Methodologically, the studies measure the sensitivity and specificity with which different NLP methods (which we refer to as “classifiers”) identify patients with a variety of syndromes using only the recorded chief complaints. The reference syndrome (“gold standard”) for patients in these studies was developed by physician review of narrative medical records, such as ED reports, or automatically from ICD-9 primary discharge diagnoses.
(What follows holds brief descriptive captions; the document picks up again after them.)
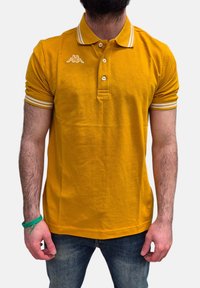 Polo shirt in cotone giallo con tre bottoni, strisce bianche a contrasto su colletto e maniche, con un piccolo logo sul petto.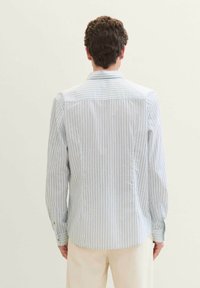 Camisa ligera de manga larga a rayas blancas y azules. Presenta un cuello clásico, puños abotonados y un dobladillo curvado. Textura de tela suave.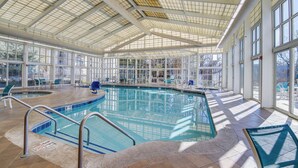 An indoor swimming pool with clear glass walls, a tiled floor, and a high ceiling with skylights. - Elegant Pigeon Forge Condo w/ Golf Course View! (Pigeon Forge)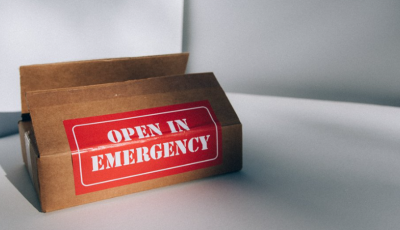brown cardboard box with red open in emergency sticker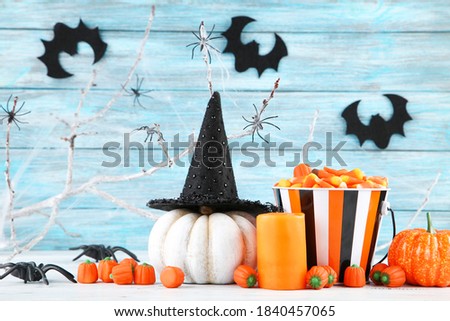 Halloween pumpkins, candies in bucket, candle, spiders and paper bats on blue background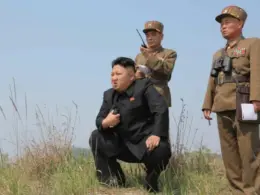 North Korean leader Kim Jong-un crouches in a grassy field while two uniformed military officers stand behind him.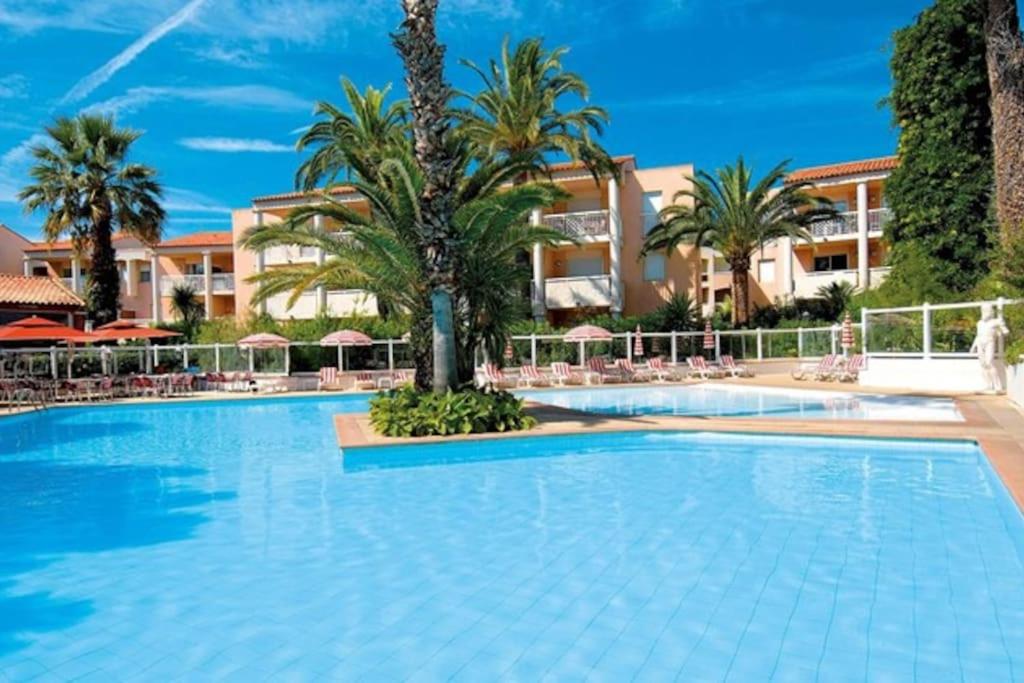 une grande piscine avec des palmiers et un bâtiment dans l'établissement Agreable et Calme 3 pieces Terrasse, Piscine, Tennis, Plage, à Vallauris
Most studies have evaluated detection of syndromes in adults, whereas a single study examined detection of syndromes in pediatric patients (Beitel et al., 2004).

Table 23.6 groups the experiments by syndrome because many experiments studied the same or similar syndromes. Each row in Table 23.6 reports the sensitivity and specificity of a classifier for a particular syndrome, and the likelihood ratio positive and negative. The likelihood ratio positive is the purest measure of the informational content of a chief complaint for detecting a syndrome (i.e., its ability to discriminate between a person with the syndrome and one without the syndrome). In a Bayesian analysis, it is a number that indicates the degree to which a system should update its belief that a patient has the syndrome, given the chief complaint (see Chapter 13).

The gold standard used in these studies varied. The most valid standard used was classification based on review of patients' ED reports using random selection of patients. The earliest studies evaluating the ability of chief complaints to identify syndromes were able to use this gold standard because they studied common syndromes, such as respiratory (Chapman et al., 2003, Beitel et al., 2004) or gastrointestinal (Ivanov et al., 2002). When a syndrome is common, a pool of randomly selected patients will produce a sufficient sample of actual respiratory cases.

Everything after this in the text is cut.